Mais j’avais remarqué ce type bizarre, mystérieux, dont je n’avais absolument jamais entendu parler et qui me foutait les chocottes avec sa voix rocailleuse sur les deux ou trois titres qu’il interprétait sur Song For The Deaf. J’ai commencé par acheter son album le plus récent, l’incroyable Bubblegum sorti la même année. C’était encore mieux que je ne l’espérais. Puis j’en ai voulu plus. J’ai d’abord traîné à la Fnac et chez Virgin, je n’ai rien trouvé à part I’ll Take Care Of You, un très bon disque de reprise, que je conseille au passage. Mais sinon, absolument rien. Les vendeurs, que naïvement je pensais hyper calés, ne voyait pas qui était ce type chelou dont je leur parlais. Et puis, chez un disquaire, (feu Rennes Musique pour ceux qui connaissent) je suis tombé sur ce Whiskey For The Holy Ghost. Je ne le savais pas encore, mais j’avais trouvé le disque parfait, celui qui allait changé ma vie. Je suis fan de Mark Lanegan comme d’aucun autre artiste, je suis fan de tout ce qu’il à fait jusqu’à Bubblegum, mais si je ne devais en choisir qu’un, ce serait celui-là, pour un nombre infini de raisons, la plupart n’étant pas très rationnelles.

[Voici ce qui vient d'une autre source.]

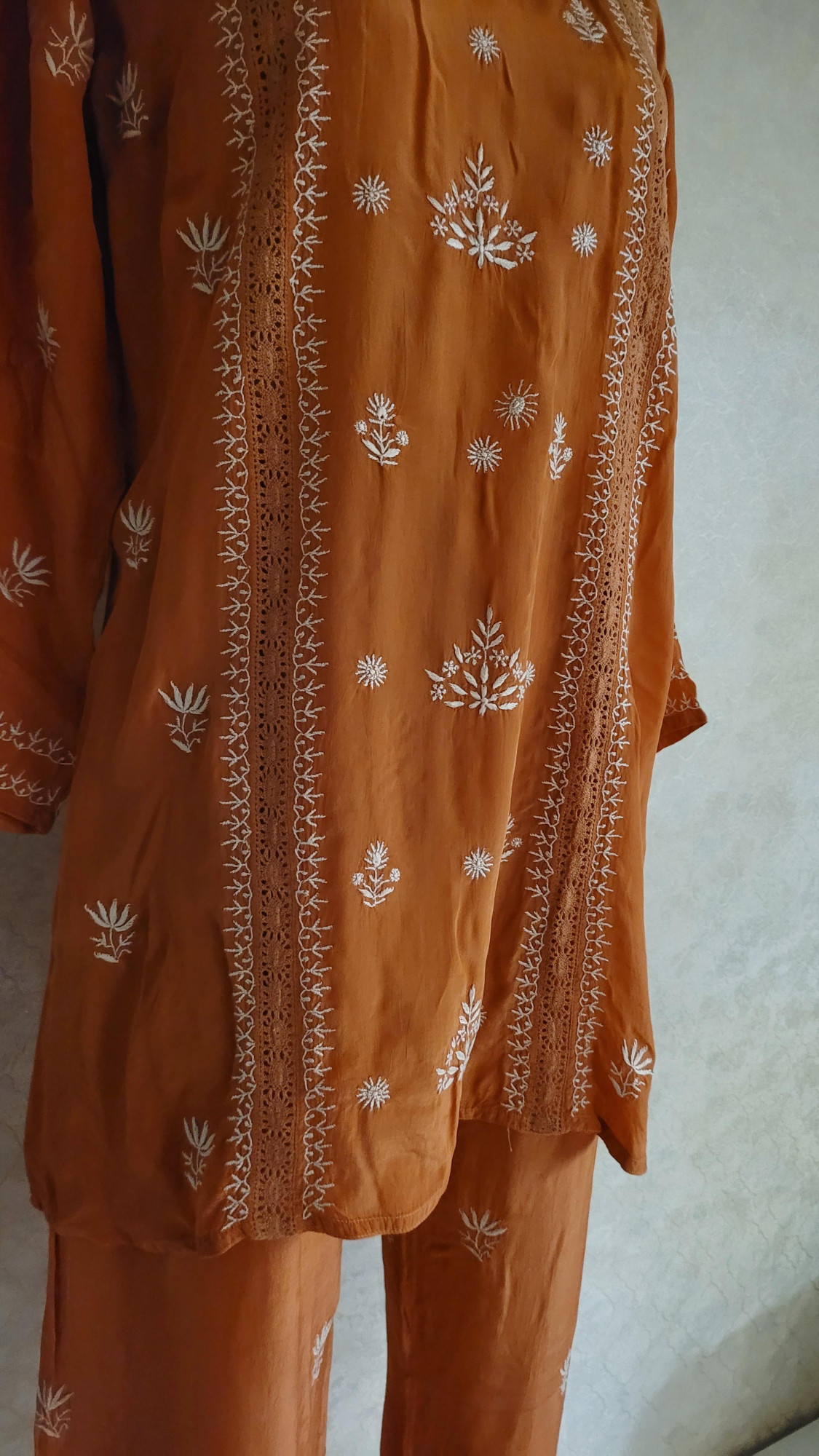 Orange Satin Chikankari Cord Set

Le titre déjà, absolument génial, Whiskey For The Holy Ghost, parfaitement en accord avec la pochette. Le ton est donné, le décor planté. Un bar miteux, enfumé, où les paumés viendrait descendre des verres de scotch. A l’époque, c’est à dire en 1993, Mark Lanegan n’a pas encore trente ans, mais sa voix est déjà reconnaissable entre mille, témoignant d’un parcours cabossé. Sur son premier essai trois ans plus tôt, The Winding Sheet, les compositions n’étaient pas toutes renversantes, loin de là, on sent que le Mark tatonnait, ici la qualité des morceaux est stupéfiante. N’importe laquelle des treize chansons qui composent le disque est un bijou de folk. Il suffit d’écouter “Kingdoms Of rain”, morceau d’une beauté stupéfiante où la voix du ténébreux Mark se mêle à celle d’une femme, ou bien “Dead On You”, folk song égrainée sur une guitare tandis qu’un orgue se fait entendre en arrière plan. Et que dire de ces morceaux un peu plus emportés que sont “Carnival”, ou “Pendulum”. Je pourrais donner n’importe lequel des morceaux comme preuve de l’excellence de l’album. Mais si il ne fallait une nouvelle fois en garder qu’un seul, ce serait “El Borracho”. Jamais auparavant je n’avais entendu une chose pareil. Mark Lanegan semble se débattre, se démener, avant de tout lâcher au moment des refrains, et de partir dans des envolées terrifiantes, ou se mêle pour l’auditeur le désir de hurler avec lui ainsi que l’envie de se cacher, effrayé par tant de rage et de noirceur. J’ai beau l’avoir écouté des centaines de fois, j’ai toujours les poils qui se dressent quand le guitares s’emballent et que Mark Lanegan se déchaîne.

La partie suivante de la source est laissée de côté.